While this doesn’t use the gap property, it achieves a similar effect. You can’t apply gap directly to <table> elements unless you’re using display: grid for table-like layouts.

Responsive Design with Gap

Use relative units like em, rem, or % to make gaps adapt to screen sizes:

.responsive-grid {
  display: grid;
  gap: 1.5rem;
}

This keeps your spacing flexible and consistent across different devices.

Animating Gap

You can animate gap changes using transitions:

.animated-flex {
  display: flex;
  gap: 10px;
  transition: gap 0.3s ease;
}

.animated-flex:hover {
  gap: 30px;
}

This creates a subtle spacing animation that reacts to hover or other interaction states.

Browser Support for CSS Gap in Flexbox

Flexbox support for gap is now reliable in all major browsers, including Chrome, Firefox, Safari, and modern versions of Edge. Older browsers like Internet Explorer and early versions of Safari do not support gap in flexbox, though it’s always been supported in CSS grid.

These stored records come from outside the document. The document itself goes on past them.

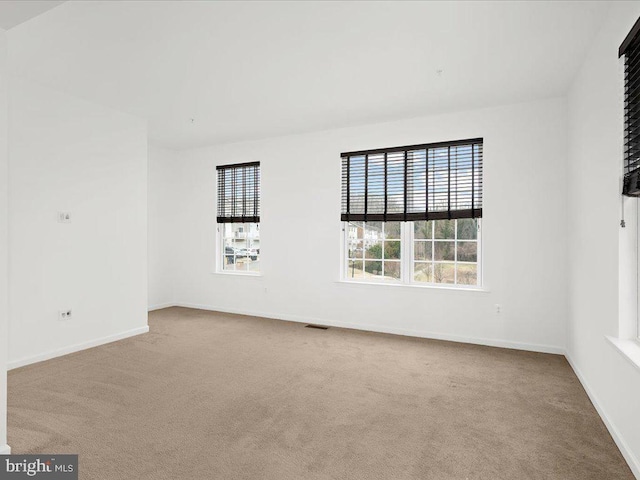 spare room featuring carpet floors, visible vents, and baseboards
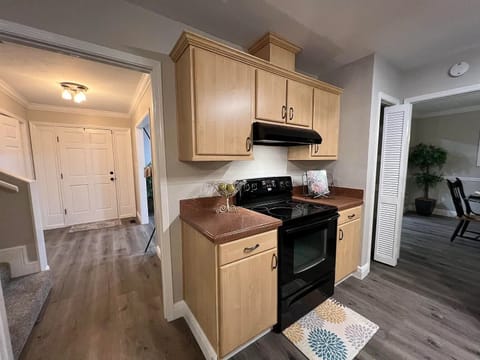 Kitchen photo with stove, toaster, blender, starter spices, and pantry.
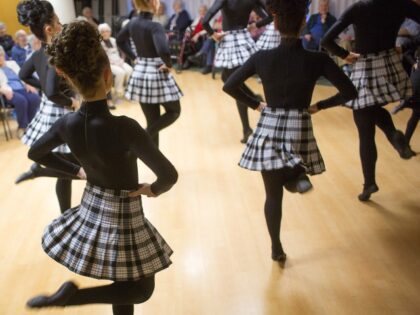 Students from the Stillson School of Irish Dance perform at Seventy Five State Street, an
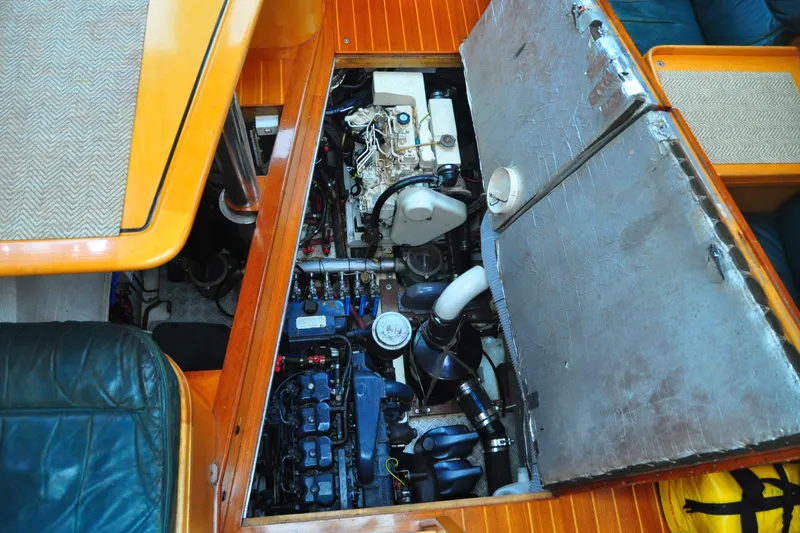 Slide: The Image of Engine compartment of a 2000 Custom Steel Cutter World Cruiser yacht, showcasing detailed machinery. - 6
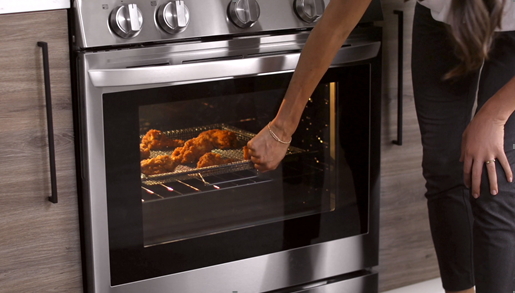 A woman knocks on the door of her LG smart oven via InstaView to check on her meal’s cooking progression
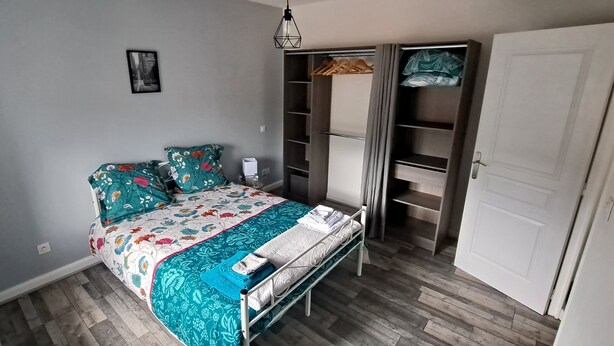 Een slaapkamer met een bed, een kledingkast en een inbouwkast.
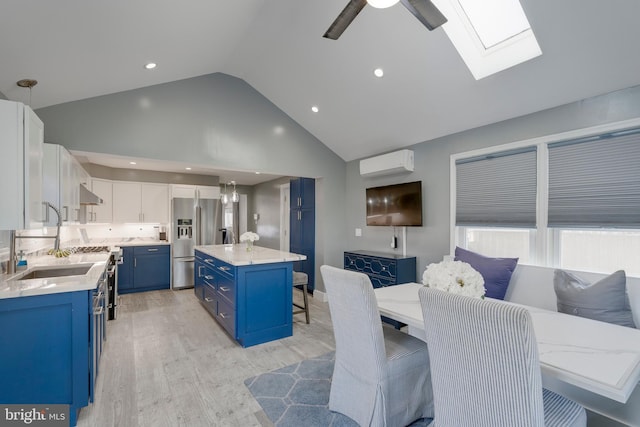 kitchen with stainless steel fridge with ice dispenser, a kitchen breakfast bar, blue cabinets, under cabinet range hood, and a sink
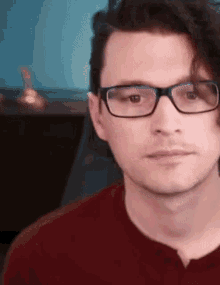 a man wearing glasses and a red shirt has a serious look on his face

Fallback for Older Browsers

If you need to support older browsers that don’t recognize gap in flexbox, use margins as a fallback:

.flex-container {
  display: flex;
  gap: 16px;
}

.flex-container.no-gap .item:not(:last-child) {
  margin-right: 16px;
}

Use a class like .no-gap conditionally, or apply this via feature detection in JavaScript or CSS hacks.

Nested Gaps in Layouts

When combining grid and flex layouts, gap works at multiple levels. For example:

.grid-wrapper {
  display: grid;
  gap: 20px;
}

.grid-wrapper .card {
  display: flex;
  flex-direction: column;
  gap: 12px;
}

This gives you full control over horizontal and vertical spacing across nested containers.

The CSS gap property simplifies layout spacing across grids, flex containers, and columns. With one clean rule, you can apply consistent, flexible spacing without the quirks of margin-based layouts.